On General Boundedness and Dominating Cardinals

Abstract

For cardinals $\kappa,\lambda,\mu$ we let $\mathfrak{b}_{\kappa,\lambda,\mu}$ be the smallest size of a subset B of $^\lambda\mu$ unbounded in the sense of $\leq_\kappa$; that is, such that there is no function $f\in{}^\lambda\mu$ such that $\{\alpha<\lambda:g(\alpha)>f(\alpha)\}$ has size less than $\kappa$ for all $g\in B$. Similarly for $\mathfrak{d}_{\kappa,\lambda,\mu}$, the general dominating number, which is the smallest size of a subset B of $^\lambda\mu$ such that for every $g\in{}^\lambda\mu$ there is an $f\in B$ such that the above set has size less than $\kappa$. These cardinals are generalizations of the usual ones for $\kappa=\lambda=\mu=\omega$. When all three are the same regular cardinal, the relationships between them have been completely described by Cummings and Shelah.
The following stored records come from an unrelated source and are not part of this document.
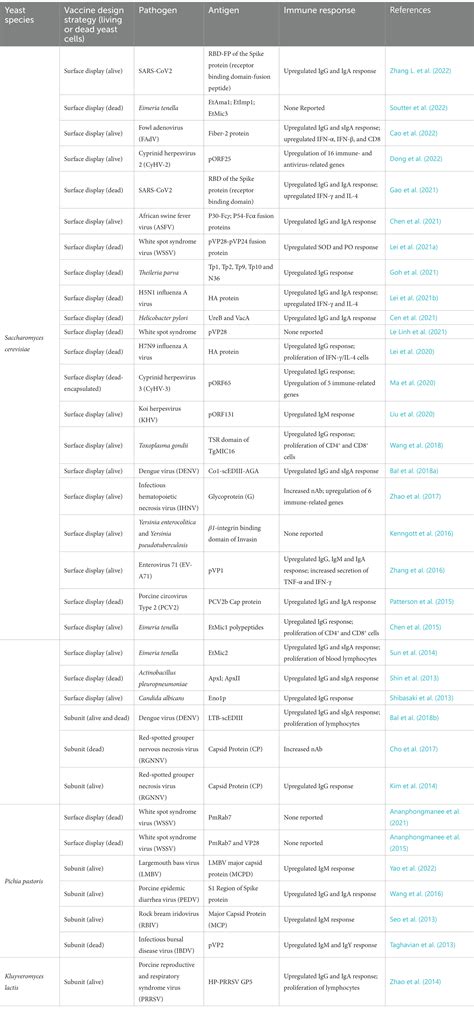 Frontiers | Yeast oral vaccines against infectious diseases
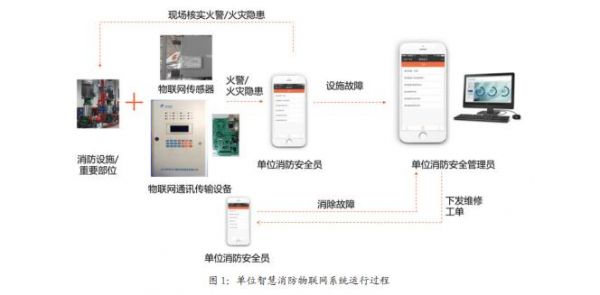 消防物联网应用场景(消防设施物联网)-图2 消防物联网应用场景(消防设施物联网)-图2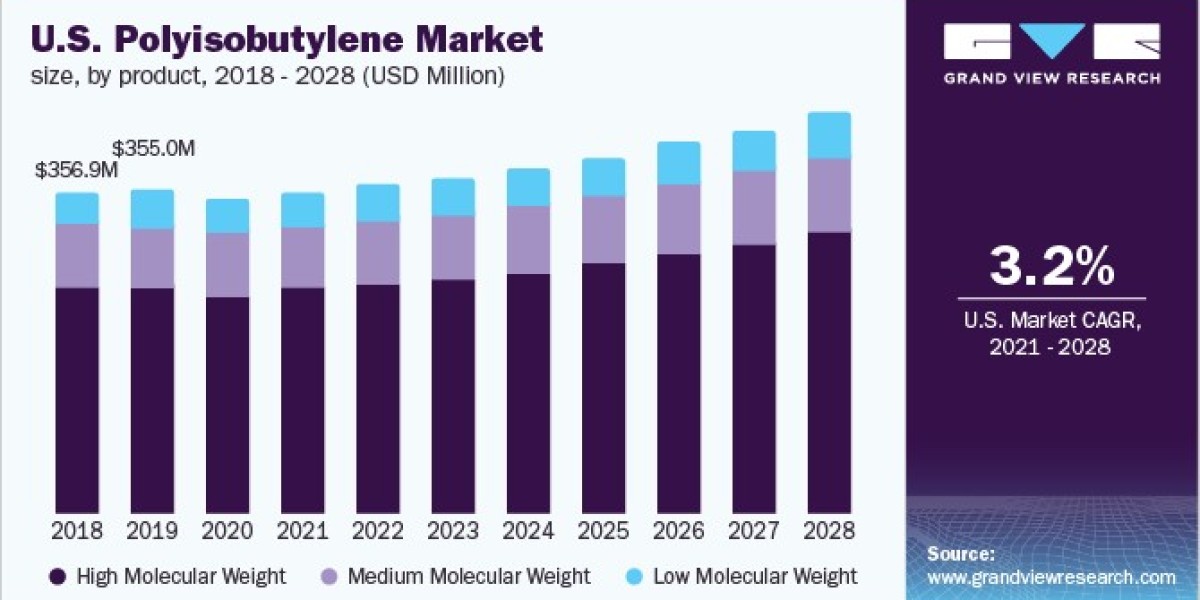 Polyisobutylene Market 2028: How COVID-19 Reshaped Industry Dynamics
We also consider some variants of the functions, following van Douwen, in particular the version $\mathfrak{b}^{\uparrow}_{\kappa,\lambda,\mu}$ of $\mathfrak{b}_{\kappa,\lambda,\mu}$ in which B is required to consist of strictly increasing functions. Some of the main results of this paper are: (1) $\mathfrak{b}_{\mu,\mu,{\rm cf}\mu}\leq\mathfrak{b}_{{\rm cf}\mu,{\rm cf}\mu,{\rm cf}\mu}$; (2) for $\lambda\leq\mu$, $\mathfrak{b}^{\uparrow}_{\kappa,\lambda,\mu}$ always exists; (3) if $\mathrm{cf}\lambda= \mathrm{cf}\mu<\lambda\leq\mu$, then $\mathfrak{b}_{{\rm cf}\mu,{\rm cf}\mu,{\rm cf}\mu}= \mathfrak{b}^{\uparrow}_{\lambda,\lambda,\mu}$; (4) $\mathfrak{d}_{\omega,\mu,\mu}=\mathfrak{d}_{1,\mu,\mu}$. For background see Section 1 of the paper. Several open problems are stated.